EUROPE INVESTIGATES IKEA TAX EVASION VIA NETHERLANDS
The European Commission is launching an investigation into Ikea’s tax construction in the Netherlands. European Commissioner on competition Margrethe Vestager is expected to officially announce the investigation on Tuesday, British newspaper the Financial Times reports.
The Swedish furniture company is suspected of evading nearly a billion euros in taxes between 2009 and 2014, according to a report European Parliamentarians released last year. Ikea has two separate corporate groups with various establishments in the Netherlands, Luxembourg and Liechtenstein. These companies move profits and money between each other to make use of favorable tax constructions in the three countries. The report states that taxes were evaded through company Inter Ikea Systems, which is registered in Delft, according to broadcaster NOS.

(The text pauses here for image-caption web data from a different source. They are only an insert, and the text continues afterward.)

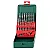 Metallborr HSS-G 19 Delar 1-10 mm DIN 338 Slipade 135° Självcentrerande Metallkassett, Metabo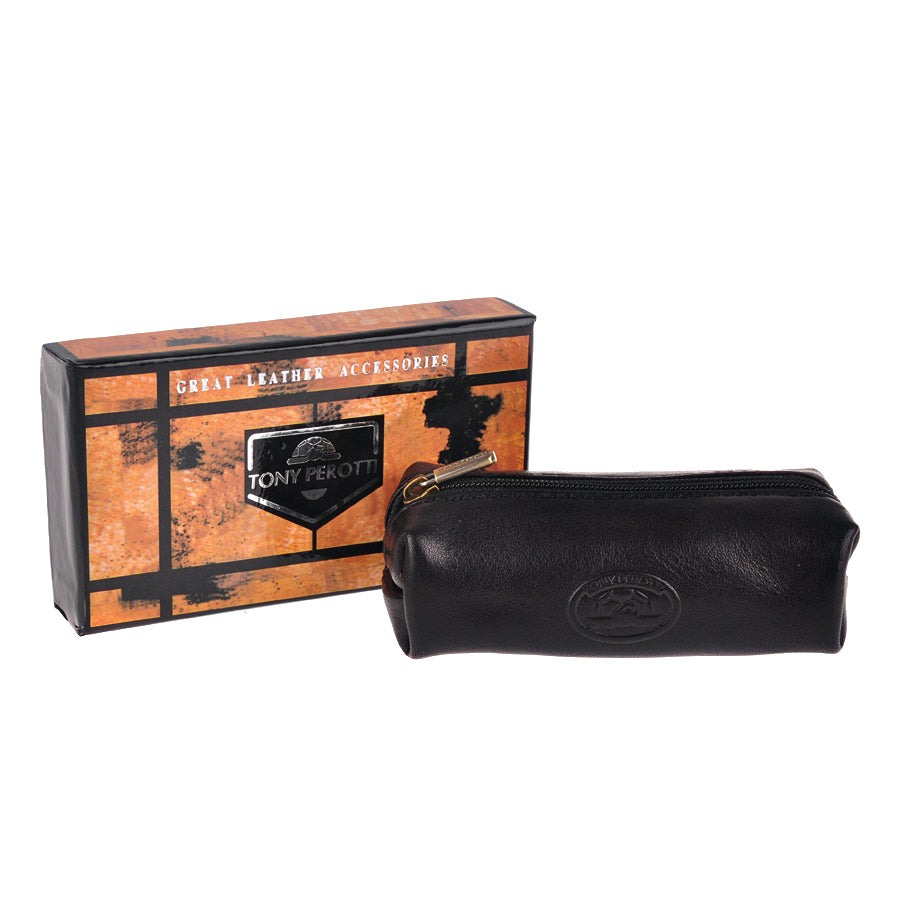 Black leather key case, handcrafted in Italy — Tony Perotti Italico 109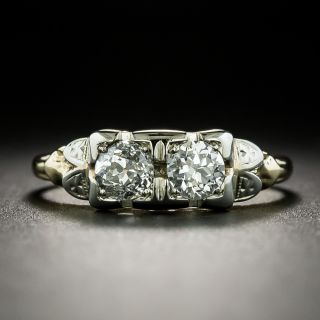 Art Deco .75 Carat Diamond Moi et Toi Ring - 2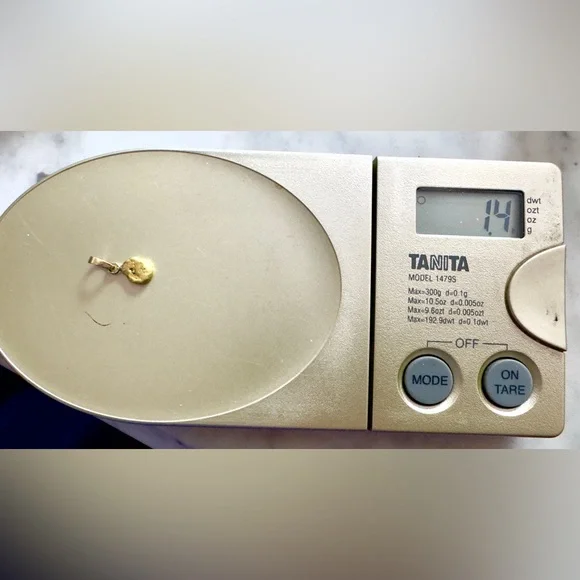 E.DeHaven 22k Nugget Pendant - Picture 8 of 8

“This involves a construction in which Ikea’s trademark right is registered with a holding company in Delft”, Jasper van Teeffelen, researcher at Stichting Onderzoek Multinationale Ondernemingen, explained to BNR. “All Ikeas in the world pay three percent of their turnover as a fee to that holding company. They use that to reduce profits because it is an extra cost, so they have to pay less corporation tax.”

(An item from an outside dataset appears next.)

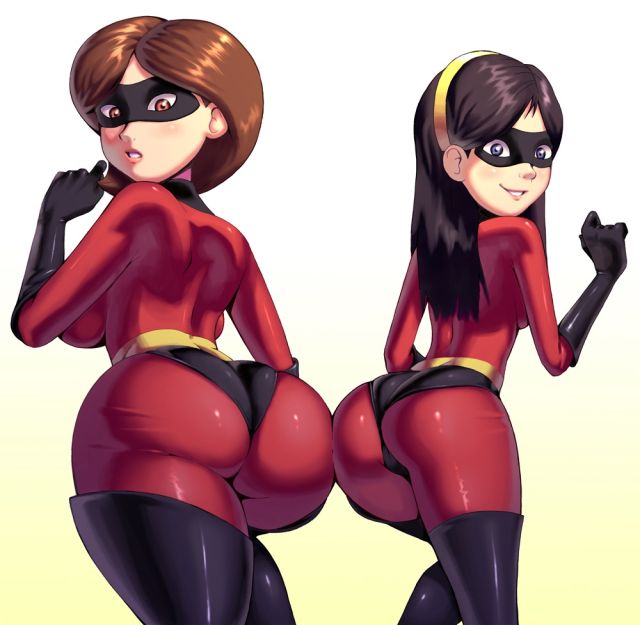 Elastigirl & Helen Parr (Disney) Cartoon Porn – 2 Bodysuits – Armwear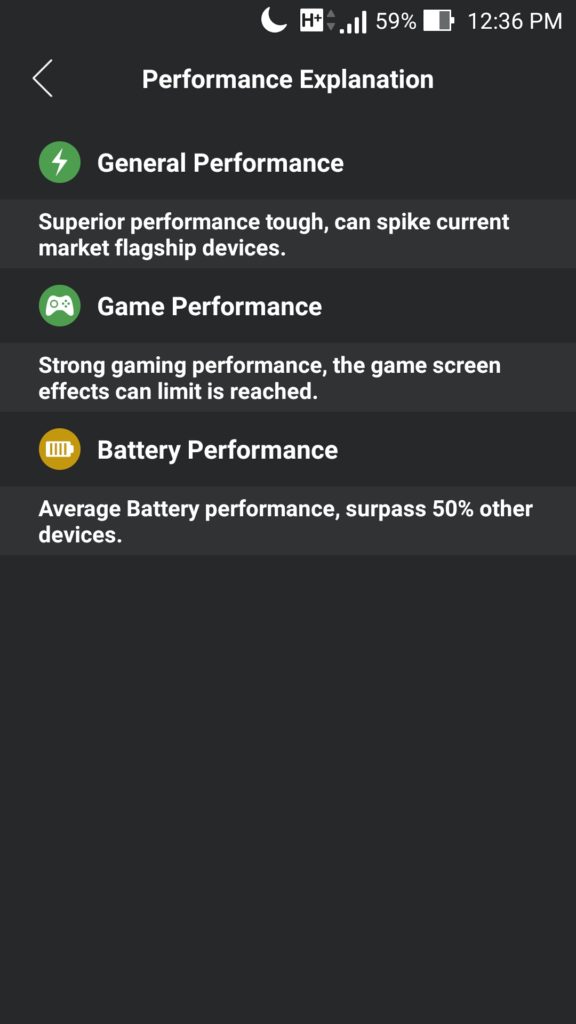 Asus Zenfone Zoom Performance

The European Commission previously investigated over a thousand tax agreements between multinationals and EU countries. This resulted in, among others, Starbucks, Apple, Fiat, and Amazon having to repay millions of euros in evaded taxes. Last month Vestager said that this work is far from done, according to NOS. “We will open new investigations if there are indications that state aid is being granted”, she said. An investigation into Ikea is one of these new investigations.

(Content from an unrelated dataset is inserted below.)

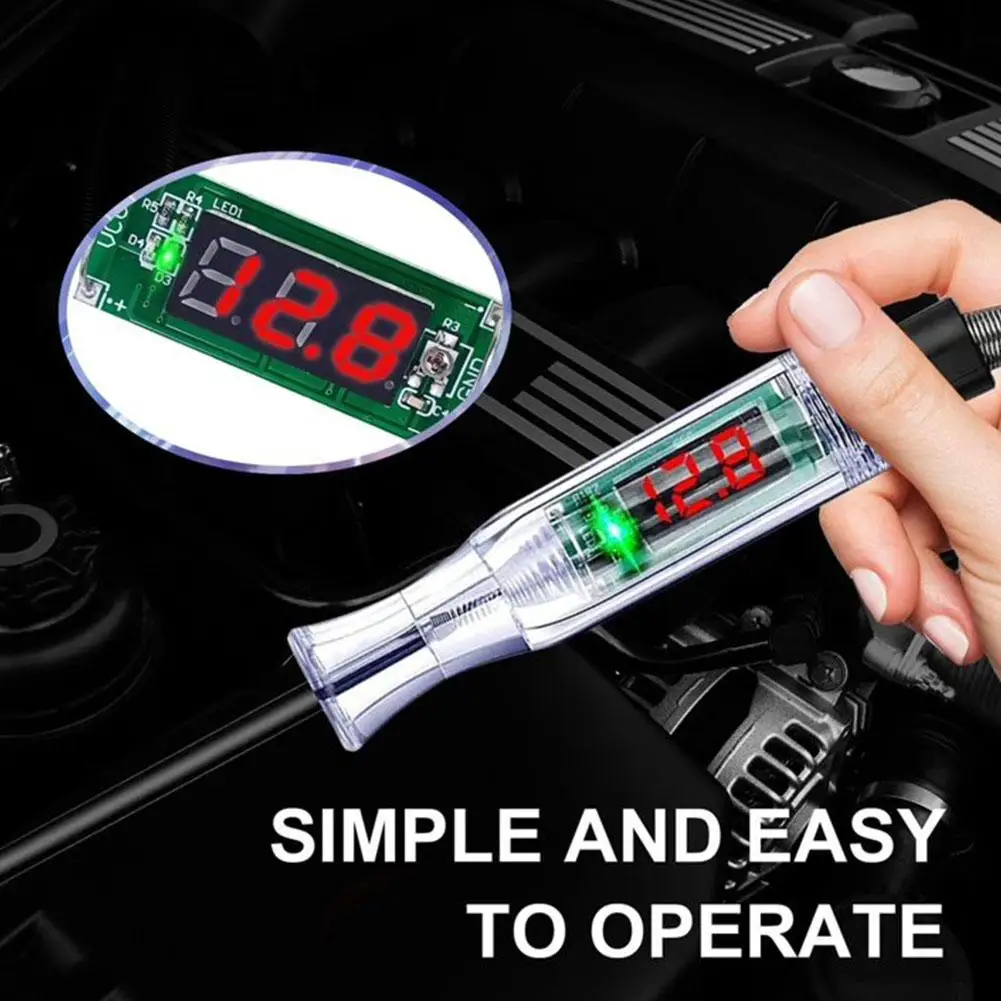 Automotive Test Lamp Electric Pen 12v24v Circuit Testing Automotive Electrician Special Maintenance Digital Display LED view 5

“The Commission has informed the Netherlands that it contemplates opening an in-depth investigation into possible state aid involving Inter Ikea Group”, an anonymous Dutch EU official said to news site Politico. The official added that the Netherlands agreed that individual companies should not receive preferential treatment and will cooperate in this investigation. “The Netherlands fully supports the Commission’s work.”
The European Commission recently released a blacklist of 17 countries the EU believes help multinationals and rich people avoid the tax authorities. No EU countries are on this tax haven blacklist, though development organization Oxfam Novib believes that the Netherlands, Ireland, Luxembourg and Malta at least belong there.